In the streaming demo, the detector runs the same algorithm as the veth lab sidecar: EMA warmup, baseline freeze, cosine similarity threshold (0.35). Attack patterns — SYN flood, UDP flood, ICMP flood — are generated in distinct phases.

What you see when you run it: synthetic attack traffic and synthetic normal traffic appear in dramatically separated regions of the projected space. Not close, not overlapping — separated. The attack cluster lands somewhere visibly distinct from the normal cluster. You can watch the separation happen in real time as the attack phase begins.

Left pane: the baseline accumulator evolving through 3D projected space during warmup, then freezing. Right pane: each incoming packet as atoms → bindings → composite, colored green to red by cosine similarity to the frozen baseline. Attack traffic lands in a visibly different region of the space.

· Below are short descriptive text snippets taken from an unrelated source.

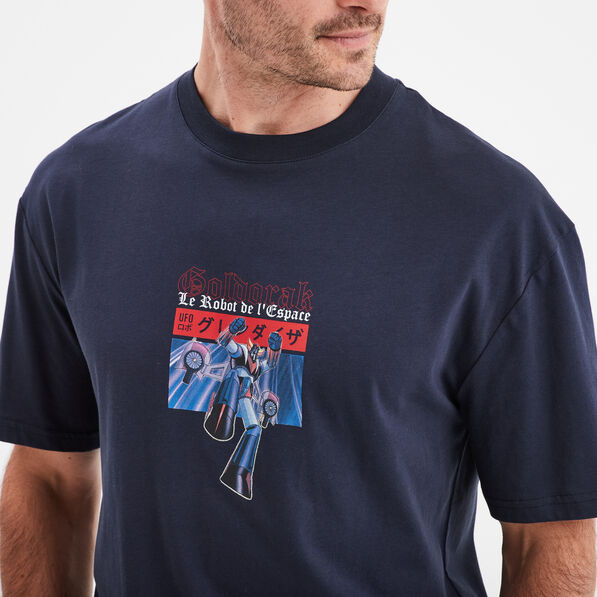 T-shirt manches courtes coton Goldorak bleu marine homme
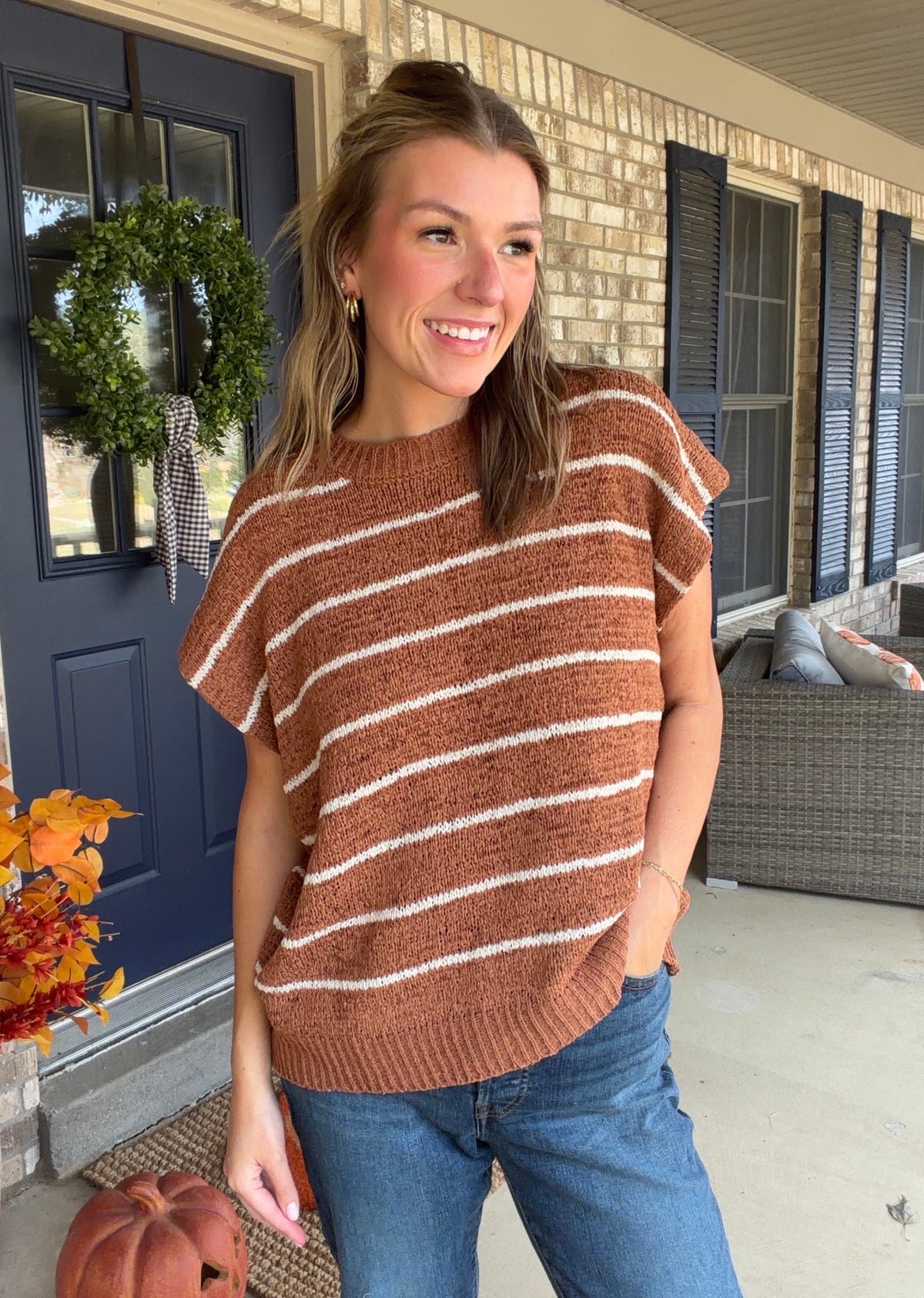 Camel striped knit sweater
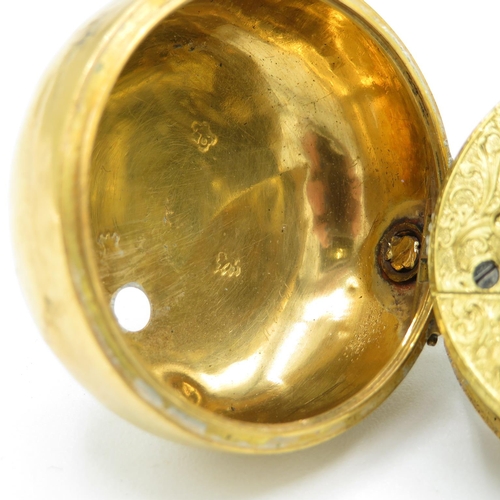 372 - Very rare 18ct gold paired pocket watch VERGE FUSEE movement  outer case is hallmarked, inner case a... 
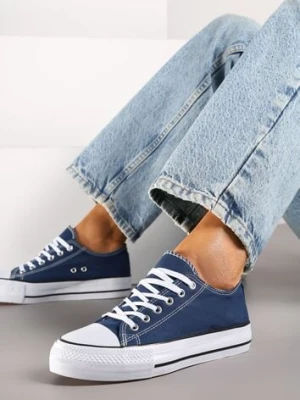 Granatowe Klasyczne Trampki Przed Kostkę Xarosa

This wasn’t a surprise given the detection results, but there’s something different about seeing it. The visual separation made the geometric intuition concrete: normal traffic occupies a region of the space, attack traffic occupies a different region, and those regions are measurable and nameable. If you can name a region, you can snapshot it. If you can snapshot it, you can match against it later without re-learning.

That observation — that the clusters themselves were the primitive worth capturing, not just the similarity threshold — is what led directly to the engram concept. The engrams formalized what the visualization revealed. (The streaming demo video was added to the README on Feb 11.)


The same day as the visualization, batch 014 commits to the Python repo — 3,055 lines, 497 tests passing.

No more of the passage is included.